O devoto passou o dia dando voltas na aldeia com a tigela nas mãos. Quando chegou a noitinha, levou a tigela diante de Sri Krishna, que olhou muito cuidadosamente e lhe disse: “- De fato, não há sequer uma gota dágua faltanto!”. Então o discípulo respondeu: “- Eu não havia lhe dito? Neste Ashrama não há um discípulo tão seguidor das Suas ordens, de forma rigorosa, quanto eu!”. O Senhor Krishna disse: “- Oh! Meu amado discípulo! De fato, não é Meu mais aplicado devoto!”. “- Como não!? O Senhor não viu que não há nenhuma gota faltando?”, respondeu o discípulo, indignado! O Senhor Krishna respondeu: “- Meu amado, de fato, o mais pobre aldeão é o Meu melhor e mais fiel discípulo!”; “- Como? Como pode alguém que nem vive no Ashrama ser melhor do que eu?”, retrucou o devoto. O Senhor Krishna respondeu: “- Meu pequeno, enquanto você se preocupava em não derramar nenhuma gota de água da tigela, desde cedo pela manhã, aquele pobre aldeão agradeceu a Mim pelo dia que iniciava. Depois, ao meio dia, na hora de comer a sua pequena e pobre porção de arroz, ele ofereceu-a a Mim e agradeceu por ter o que comer. Depois, quando terminou o seu dia de trabalho árduo, e sentou-se na cama antes de dormir, agradeceu-Me pelo dia que havia passado. Enquanto ele lembrou-se de Mim três vezes, você estava muito preocupado em não derramar a água da tigela, de tal modo que nenhuma vez você se lembrou de MIM!”.

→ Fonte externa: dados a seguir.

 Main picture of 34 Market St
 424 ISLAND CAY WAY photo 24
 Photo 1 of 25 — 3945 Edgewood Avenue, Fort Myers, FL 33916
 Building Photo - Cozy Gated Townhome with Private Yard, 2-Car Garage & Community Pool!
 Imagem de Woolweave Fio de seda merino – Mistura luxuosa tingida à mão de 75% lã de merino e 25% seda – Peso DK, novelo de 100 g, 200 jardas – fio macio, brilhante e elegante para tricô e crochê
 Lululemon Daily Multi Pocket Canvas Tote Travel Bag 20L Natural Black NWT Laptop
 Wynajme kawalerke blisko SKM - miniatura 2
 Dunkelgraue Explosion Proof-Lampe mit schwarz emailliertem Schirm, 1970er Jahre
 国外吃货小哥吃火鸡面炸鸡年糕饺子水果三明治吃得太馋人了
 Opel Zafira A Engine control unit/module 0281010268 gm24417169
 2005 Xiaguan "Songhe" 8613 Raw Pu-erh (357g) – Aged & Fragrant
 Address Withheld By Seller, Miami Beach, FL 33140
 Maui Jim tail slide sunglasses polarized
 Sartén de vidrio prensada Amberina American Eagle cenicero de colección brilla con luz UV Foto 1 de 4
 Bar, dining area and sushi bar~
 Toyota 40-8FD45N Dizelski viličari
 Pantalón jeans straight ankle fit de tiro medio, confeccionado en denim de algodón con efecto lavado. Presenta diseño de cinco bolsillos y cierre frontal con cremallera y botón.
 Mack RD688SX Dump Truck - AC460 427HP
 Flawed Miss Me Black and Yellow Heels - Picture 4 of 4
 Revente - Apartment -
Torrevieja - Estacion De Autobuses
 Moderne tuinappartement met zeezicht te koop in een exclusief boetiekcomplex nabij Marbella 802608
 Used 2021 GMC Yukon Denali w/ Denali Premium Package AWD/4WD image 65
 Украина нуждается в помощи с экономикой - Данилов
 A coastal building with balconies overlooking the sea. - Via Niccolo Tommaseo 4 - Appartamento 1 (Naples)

Assim, o discípulo ficou envergonhado de ver que estava apenas de preocupando com a forma, e não com o conteúdo. Com a lição de Krishna, ele aprendeu que na simplicidade do amor por Deus está a grandeza, e não na preocupação externa e aparente, e que todos os devotos do Senhor, não importando a situação econômica e social, são benqueridos por Ele.
Todos os exemplos que vimos e observamos nestas passagens, dizem que a essência é o mais importante, e que a associação com os devotos, nas duas diferentes posições e condições, diferentes linhagens e pensamentos, é o que há de mais importante e dignificante. Cada um deverá respeitar a posição do outro, e ajudar o outro a servir a Deus na forma como lhe é mais favorável. Tudo o mais será simples aparência. Enquanto cuidarmos do Ser, tudo o mais será cuidado.